Menachem Rosensaft, the WJC’s general counsel, said he considered Mr. Steinberg “the consummate professional who did his utmost in terms of furthering the goals he deemed important.”

“When it came to Holocaust remembrance and fighting for survivors and their rights, he was unwavering,” said Rosensaft, who served with Mr. Steinberg as unpaid vice presidents of the American Gathering of Jewish Holocaust Survivors and Their Descendants.

Another friend, Rabbi Marc Schneier, said Mr. Steinberg “reminded us that casual Jews become Jewish casualties — and he lived by that motto.”

Rabbi Schneier said Mr. Steinberg had initially been hired by the WJC to be a consultant to its American section, but his talents were quickly realized and he soon became the organization’s top executive.

“He was the one who really made that organization what it became,” Rabbi Schneier said. “He understood the importance of having an issue that would galvanize the world. He single-handedly changed the Jewish world. Show me anyone today who has made that kind of a contribution.”

But Mr. Steinberg often said he cherished most his three children, Max, Harry and Lena. He was proud that he tutored each of them for their college SATs, and that Lena scored a perfect 800 on the verbal exam.

Rosenbaum, who in the 1980s was an intern in Mr. Steinberg’s office, recalled one incident in which Mr. Steinberg used the clout the WJC had achieved from the Waldheim incident to quietly squelch anti-Semitic unrest in Paraguay.

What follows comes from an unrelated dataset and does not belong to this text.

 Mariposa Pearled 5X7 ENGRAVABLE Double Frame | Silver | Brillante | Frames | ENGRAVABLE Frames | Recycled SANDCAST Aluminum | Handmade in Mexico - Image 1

“We got a frantic cable from the Jewish leadership in Paraguay saying there had been anti-Semitic posters and invectives against Jews there,” he said.

Knowing that such incidents could not have been carried out without the approval of Paraguay’s president and dictator, Alfredo Stroessner, Mr. Steinberg “crafted a letter to Stroessner — he knew the diplomatic language to use — and in short order Stroessner wrote back … and the graffiti was taken down and there were no more threats, Rosenbaum said. “Stroessner feared that the WJC” would do to him what it did to Waldheim.

After digging up evidence that Waldheim, who was then president of Austria, had lied about much of his Nazi past, Mr. Steinberg convinced the U.S. to bar Waldheim’s entry into this country — the first formal entrance exclusion of a sitting head of state.

In a tribute by Elie Wiesel that was read at Mr. Steinberg’s funeral, Wiesel said: “Whenever Jews were in danger or Jewish honor offended, he vigorously yet elegantly spoke up. Whenever Jewish memory was attacked, he attacked the attacker. His passion for our people, his resolve to confront its enemies with honor and dignity … will not soon be forgotten.”